Another guard led her through a wall of hangings to a brightly lit alcove, where she found the prince upon a carven audience chair. A candelabrum stood on a gold-leaf table behind him, beside a glittering crystal liquor service.
At first he seemed no man at all, but a god—some separate race as far above men as mountains above mounds—for he wore naught but gold and violet, and his skin seemed flushed with lavender, as though his blood were truly the purple of the gods. Yet his stature was not great. She surely outweighed him. Nor was he tall or physically powerful; rather he was thin, almost waiflike in face and body, with fragile features and exceedingly fine white hair that fell straight to his shoulders.

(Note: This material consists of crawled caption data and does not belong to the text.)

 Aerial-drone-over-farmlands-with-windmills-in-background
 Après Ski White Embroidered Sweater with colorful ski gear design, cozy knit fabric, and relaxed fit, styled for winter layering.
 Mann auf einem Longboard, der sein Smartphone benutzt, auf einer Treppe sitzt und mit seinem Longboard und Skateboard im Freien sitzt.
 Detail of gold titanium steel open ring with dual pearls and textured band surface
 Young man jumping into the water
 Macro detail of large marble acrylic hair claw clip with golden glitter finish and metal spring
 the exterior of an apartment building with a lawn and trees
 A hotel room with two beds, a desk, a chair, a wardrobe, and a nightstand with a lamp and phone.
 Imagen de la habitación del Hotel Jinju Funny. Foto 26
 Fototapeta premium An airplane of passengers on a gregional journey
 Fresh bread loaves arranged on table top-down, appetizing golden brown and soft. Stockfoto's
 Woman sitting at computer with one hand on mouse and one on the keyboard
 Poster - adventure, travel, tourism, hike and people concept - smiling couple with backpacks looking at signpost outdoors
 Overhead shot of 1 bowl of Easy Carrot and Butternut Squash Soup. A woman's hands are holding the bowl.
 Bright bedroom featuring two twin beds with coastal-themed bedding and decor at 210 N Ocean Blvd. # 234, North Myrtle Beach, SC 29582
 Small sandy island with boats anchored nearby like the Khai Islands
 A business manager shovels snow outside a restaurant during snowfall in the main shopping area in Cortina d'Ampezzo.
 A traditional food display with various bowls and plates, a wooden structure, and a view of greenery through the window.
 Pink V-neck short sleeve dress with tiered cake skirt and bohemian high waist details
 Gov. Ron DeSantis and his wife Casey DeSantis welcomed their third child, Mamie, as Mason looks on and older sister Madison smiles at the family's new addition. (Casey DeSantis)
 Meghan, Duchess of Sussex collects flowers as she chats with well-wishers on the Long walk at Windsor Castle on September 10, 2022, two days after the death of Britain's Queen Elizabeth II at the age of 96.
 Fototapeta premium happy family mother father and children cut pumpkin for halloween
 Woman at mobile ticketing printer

The power of his presence came instead from a sense of calm that suffused the space around him like a perfume in a pleasant room. The calm violet eyes especially drew her. They did not judge her, nor prejudge anything, it seemed, but rather beheld each thing anew, seeing past the temporary to the eternal. He seemed to her somehow outside of time as she knew it, and things moved more slowly, and calmly, where he was. It calmed her nerves simply being near him—so much, she noticed, that her trembling ceased altogether.